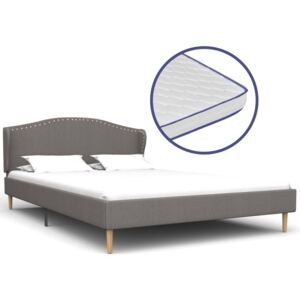 VidaXL Säng med memoryskummadrass ljusgrå tyg 140x200 cm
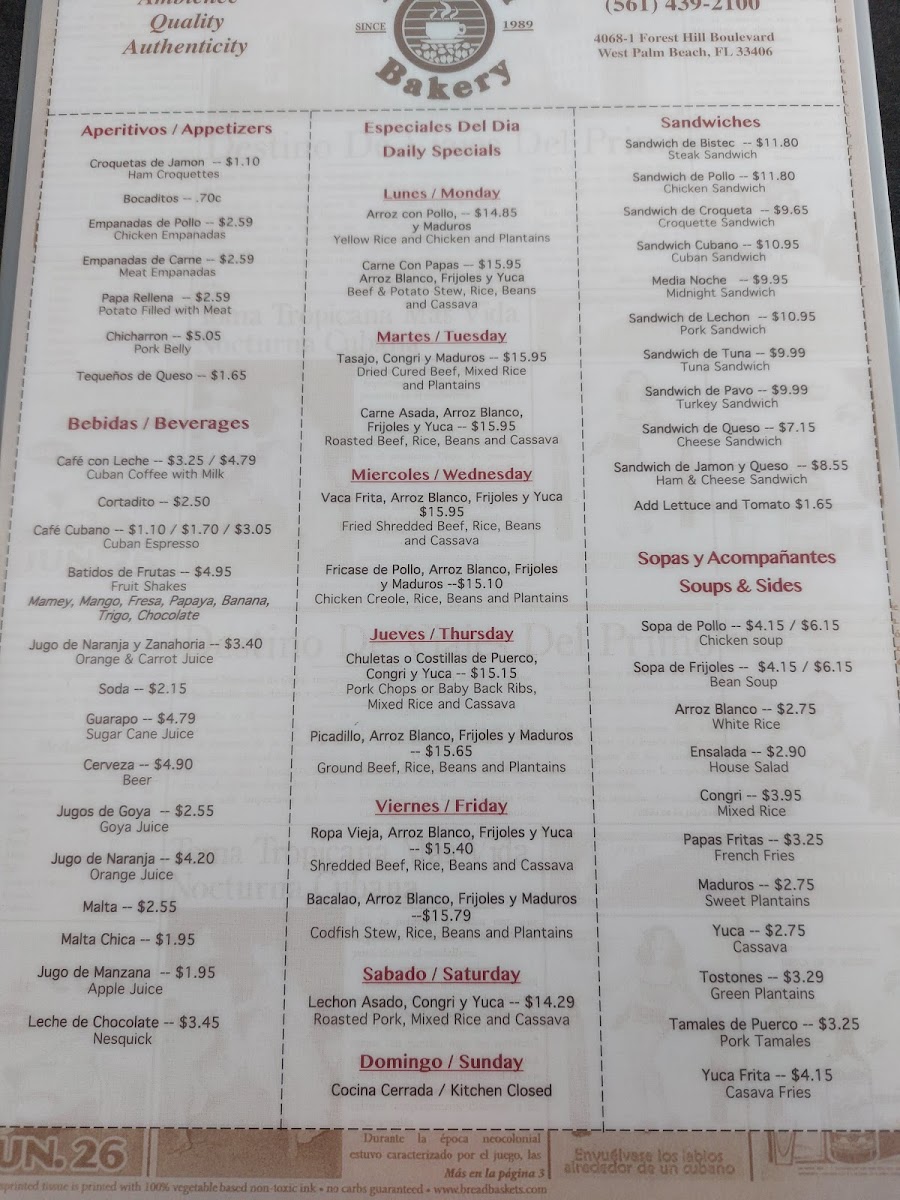 Menu Tropical Bakery & Restaurant-7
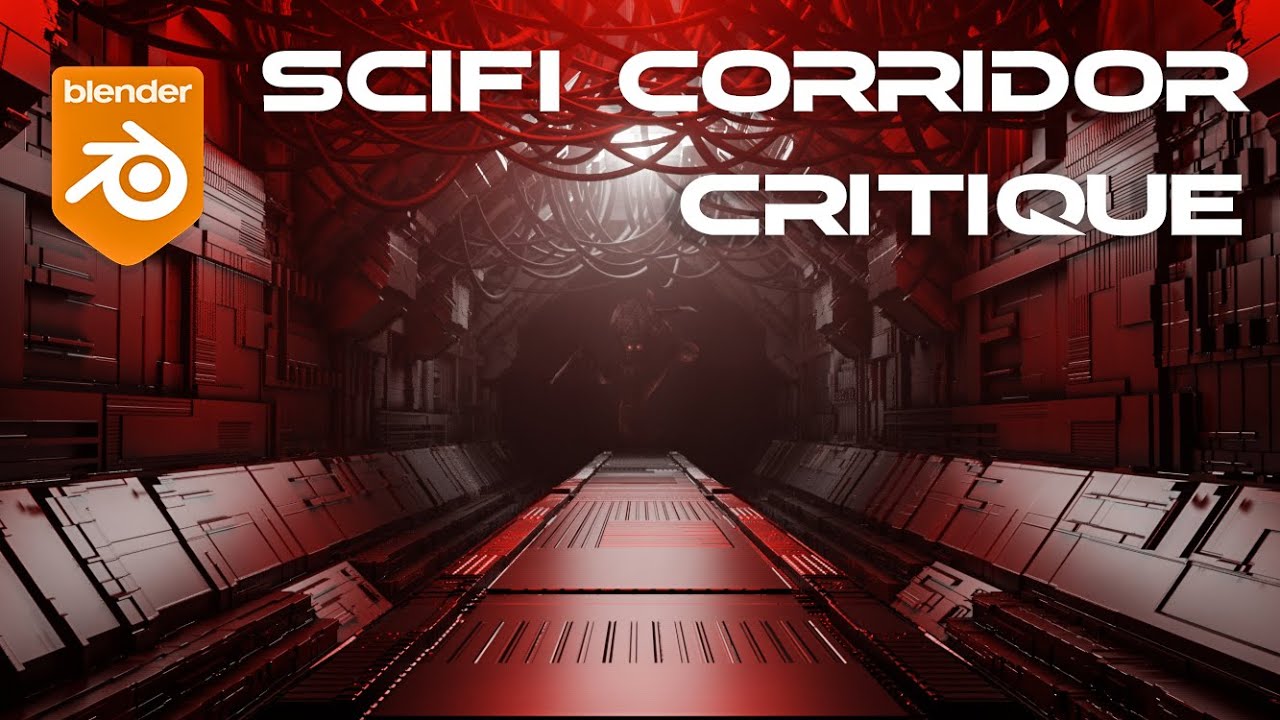 SciFi corridor concept art and render CRITIQUE in Blender 2.92 - YouTube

......

What is required |
Repeat the data word for word, excluding any image.

Exercise response |
 VidaXL Säng med memoryskummadrass ljusgrå tyg 140x200 cm
 Menu Tropical Bakery & Restaurant-7
 SciFi corridor concept art and render CRITIQUE in Blender 2.92 - YouTube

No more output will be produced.